The below installation instructions work for the following products:
Please read through the instructions carefully before starting this project. Take the time to get all the materials together as well as all the safety equipment.
Overview:
Steeda’s Bump Steer Kit is designed to eliminate bump steer that is encountered after lowering
your mustang. After it is installed and adjusted, your mustang will no longer pull to either side
when traveling over bumps because the steering geometry will be correct.
Tools needed:
- 2 – blue, threaded tie-rod end sleeve
- 2 – threaded spherical bushing tie-rod end
- 2 – tapered shaft with new nut for top and bottom
- 2 – set of shaft spacers
Tools needed:
- Ratchet – 3/8" or 1/2" drive to fit the following sockets
- Sockets – 15mm, 18mm deep
- Pliers
- 7/8" wrench for new bottom nut
- 2 Adjustable crescent wrenches
- Hammer
- Floor jack
- 2 Jack Stands
- 2 Drive-on car ramps
- 4 – bricks or 2"x4" blocks of wood to chock rear wheels
- Zip ties (12" size)
- PB Blaster or some other penetrating fluid
- Blue thread locker
- Driver’s license or credit card (for measurement purposes)
Installation:
- SAFETY PRECAUTIONS: Engage the parking brake and put a 2"x4" block of wood (or
brick) in front and behind of each rear wheel to make sure the car can not move while
you are working. Also, walk around the car to make sure you have a clear working space
around and under the car.
- Begin by breaking loose each of the 5 lug nuts on each front wheel, using your mustang’s
lug nut wrench. Once they begin to turn, stop and do not continue to loosen them. Next,
place your floor jack under the front A-arm (pictured below) and raise your car enough to
slide the first jack stand under the frame rail (also pictured below). Next, jack the other
A-arm up and slide the second jack stand in place under the frame rail.
- Next, remove the wheel lug nuts from both front wheels and take the wheels off. For
added safety I always slide the wheels under the frame rails, behind the jack stands. I
recommend you do the same.
- Begin the installation on the driver’s side of the car, by removing the brake caliper from
the spindle. The caliper is attached by two 15mm bolts. Once these are removed, use a
zip tie to support the brake caliper so that it does not strain the brake line. Also, be careful
not to drop or twist the caliper so you will not damage the brake line. Next, use the pliers
to remove and discard the circular clips on the wheel studs that hold the rotor down.

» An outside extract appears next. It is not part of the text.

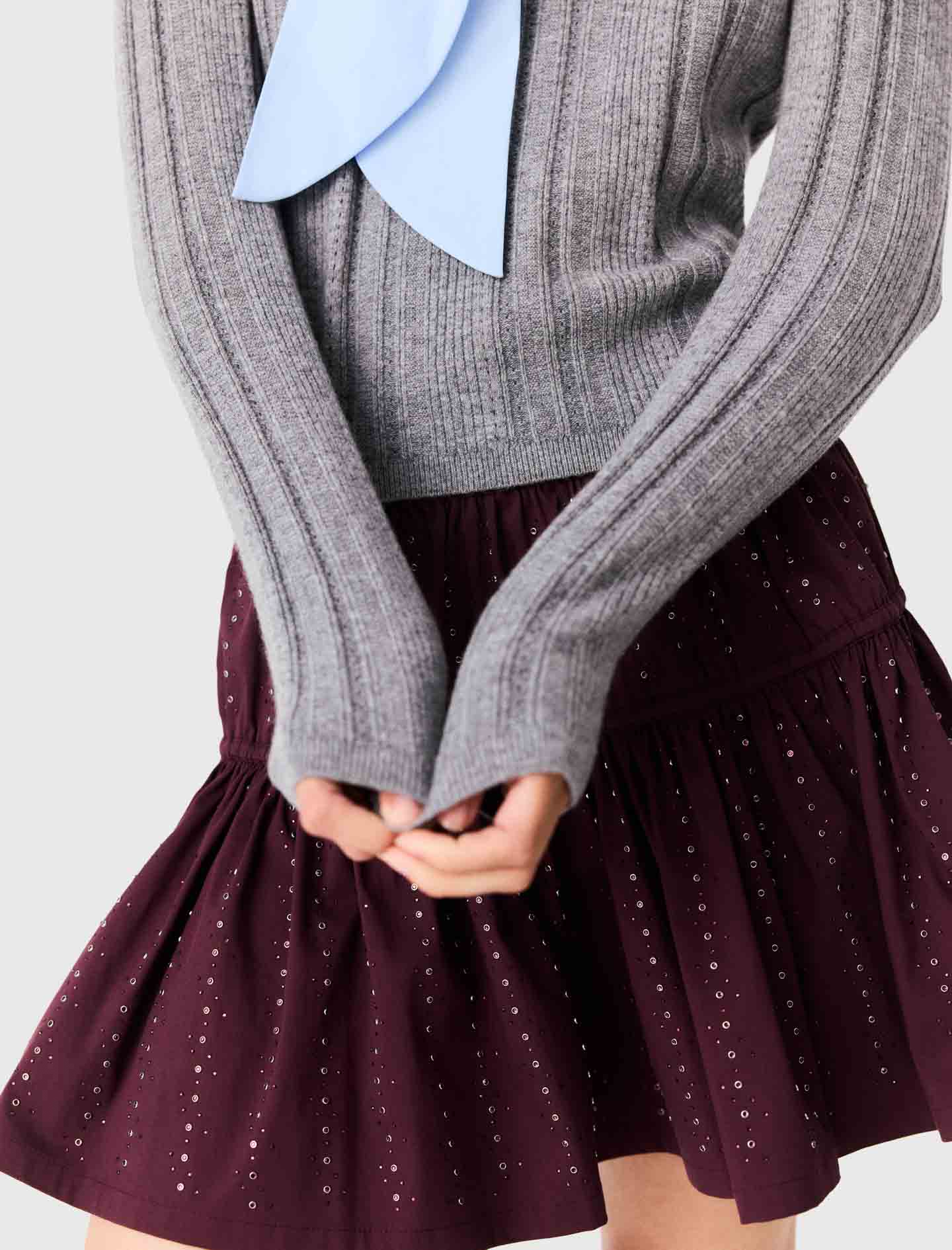 Removable poplin collar jumper Grey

These do not need to be replaced and may have already been removed depending on what
work has already been done on the car. Now you can slide the rotor off the hub assembly
and set it aside.
- Next, you need to break loose the tie-rod nut, which is pictured below. This is where you
will need the driver’s license or credit card. First, take a crescent wrench and turn the nut
clockwise (looking towards the inside of the car). Once it is loose, place the thin edge of
the card in between the nut and the tie-rod end and hand tighten it until the card is lightly
sandwiched in between them. Slide the card out and you should have a space the width of
the card left between the nut and tie-rod end. This allows you to make sure you get the
new tie-rod ends in the same position as the original ones, which means the toe
measurement of your alignment will not have changed.
- Now the tie-rod end is ready to be removed. Straighten and remove the cotter pin that
goes through the castle nut that attaches the tie-rod end. Then use an 18mm deep socket
and remove the castle nut itself. Now the tie-rod can fall out of the spindle, however, it
may require some persuasion. If it doesn’t come out on its own, first, spray it with
penetrating fluid. Let it sit for a few minutes and then hit the top of the bolt with a
hammer to force it out.
- Once the tie-rod end is free from the spindle, turn it counter-clockwise until it comes off
the tie-rod. You will see yellow grease on the tie rod threads – this is normal. Do not
wipe it off or play with it because it will grab and keep any dirt that it comes in contact
with, and you do not want that. (Note: My strut is disconnected in this picture because I was doing work on additional components of the suspension system. You DO NOT need to disconnect the strut to
install the bump steer kit.)
- Apply blue thread locker to the threads of the silver tie-rod end (with the spherical
bushing on the end) and screw it into the blue, threaded sleeve. Refer to the first image of
the guide to see which end it goes into. Use two opposing crescent wrenches to tighten
these components against each other. Next, thread the other end of the new tie-rod end
onto the tie-rod until it is close to the nut. Grab your card again and tighten the blue
sleeve until it sandwiches the card between it and the nut once more. Remove the card
and tighten the nut back against the blue sleeve; first by hand, then using opposing
crescent wrenches.
- The next step is to take the tapered end of the black, tapered shaft and install it into the
spindle. Put the tapered end through the spindle without any hardware on it, then put the
18mm nut on top and tighten it down.
- Finally, you need to put all the spacers on the black shaft, then slide the tie-rod end
bushing over and put the 7/8" nut on the bottom. The picture below illustrates the
arrangement.
- The final step for this side of the car is to make sure all the nuts are tight, and then put the
rotor and caliper back on. Here is the bump steer kit installed.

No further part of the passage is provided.